Records shown.
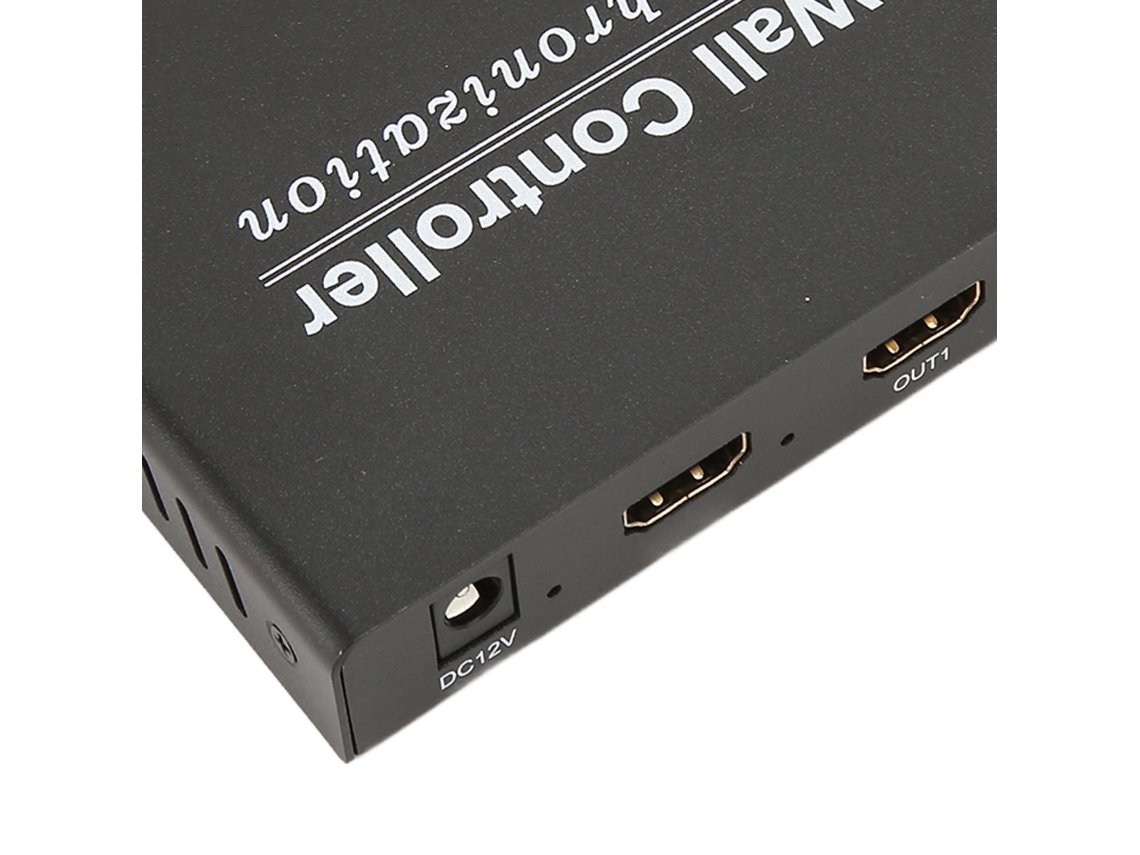 Mali controlador de Parede de Vídeo 4k 30hz 1 Entrada 4 Saídas 9 Modos Processador com Controle Remoto Plug Us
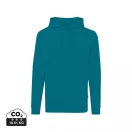 Hanorac cu gluga, 42FEB233117, Iqoniq Jasper, Bumbac, Unisex, Albastru Verdigris, XXS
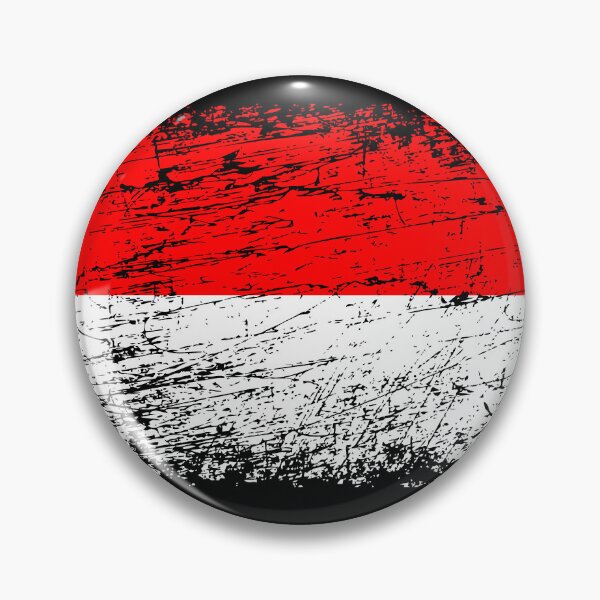 Item preview, Aspecto usado de la bandera de Indonesia designed and sold by GeogDesigns.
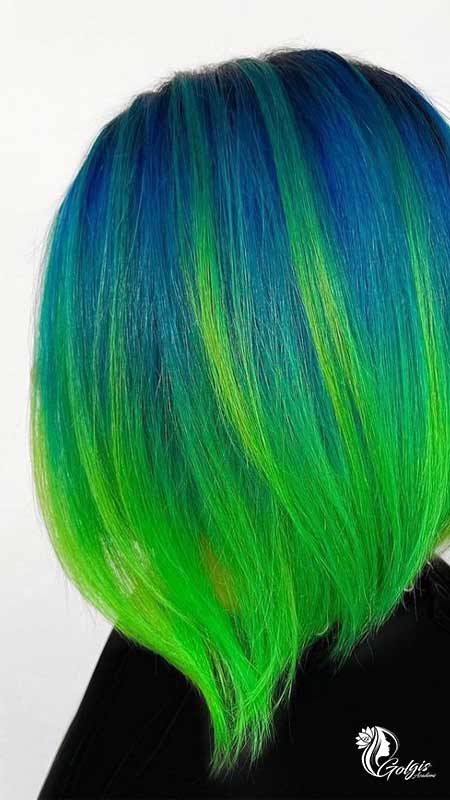 رنگ مو سبز کهکشانی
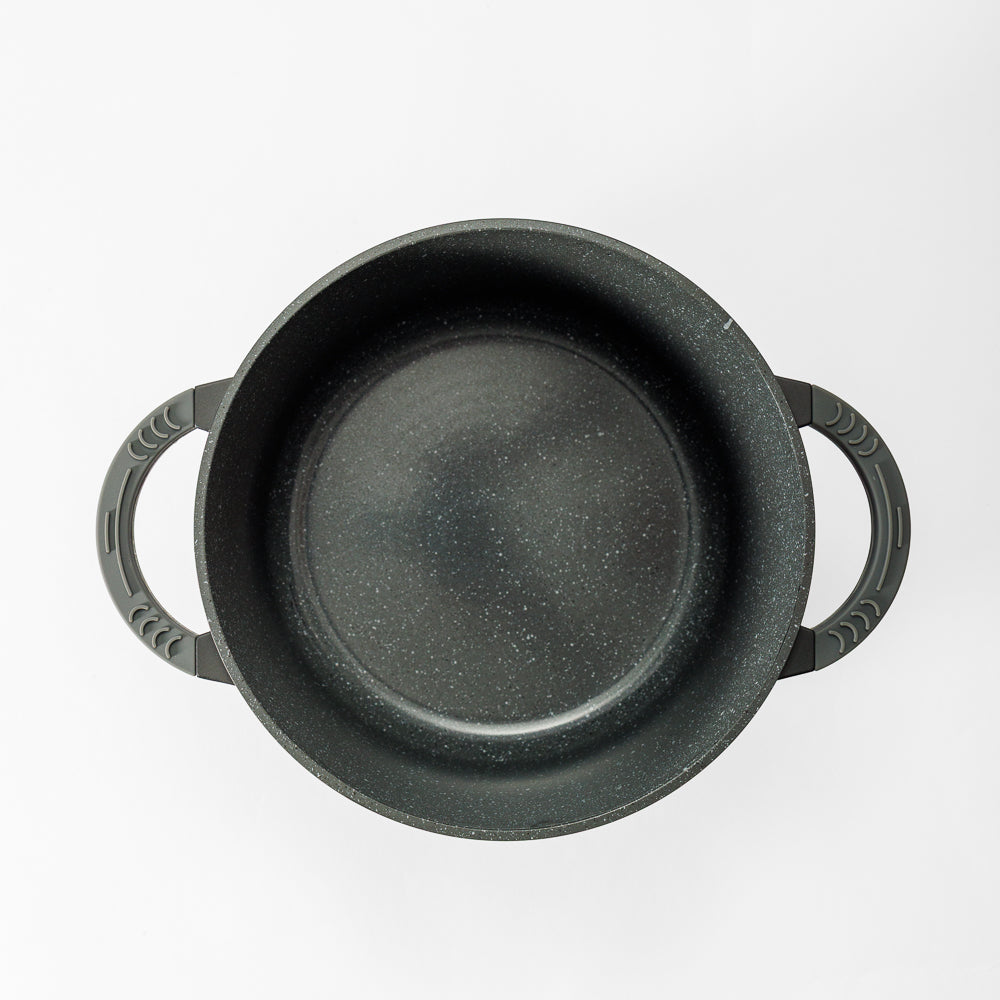 Moretti Chef Alu Die Cast Sauce Pot with Lid 24x12cm-Sauce Pot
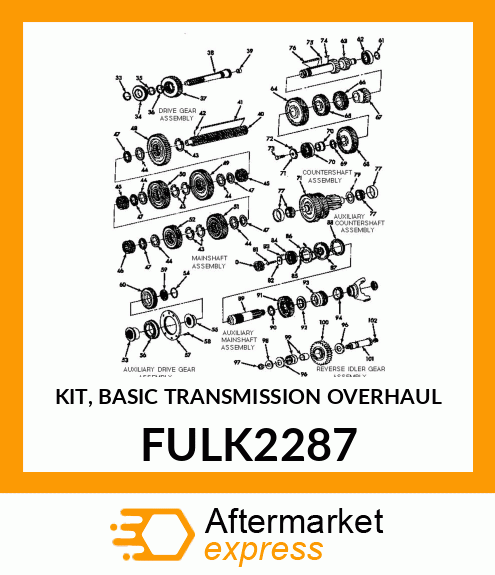 KIT, BASIC TRANSMISSION OVERHAUL FULK2287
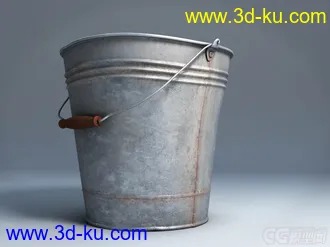 3D打印模型老式 水桶  铁皮水桶的图片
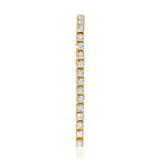 A Down the Line Earring in yellow gold on a white background. 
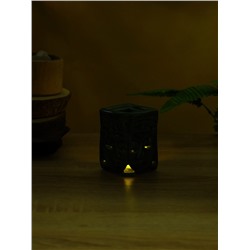 Аромалампа «Близнецы», 6.5×6.5×9 см, керамика, зелёная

What the task requires.
Transcribe all of the data above verbatim but omit every picture.

Answer section.
 Mali controlador de Parede de Vídeo 4k 30hz 1 Entrada 4 Saídas 9 Modos Processador com Controle Remoto Plug Us
 Hanorac cu gluga, 42FEB233117, Iqoniq Jasper, Bumbac, Unisex, Albastru Verdigris, XXS
 Item preview, Aspecto usado de la bandera de Indonesia designed and sold by GeogDesigns.
 رنگ مو سبز کهکشانی
 Moretti Chef Alu Die Cast Sauce Pot with Lid 24x12cm-Sauce Pot
 KIT, BASIC TRANSMISSION OVERHAUL FULK2287
 3D打印模型老式 水桶  铁皮水桶的图片
 A Down the Line Earring in yellow gold on a white background. 
 Аромалампа «Близнецы», 6.5×6.5×9 см, керамика, зелёная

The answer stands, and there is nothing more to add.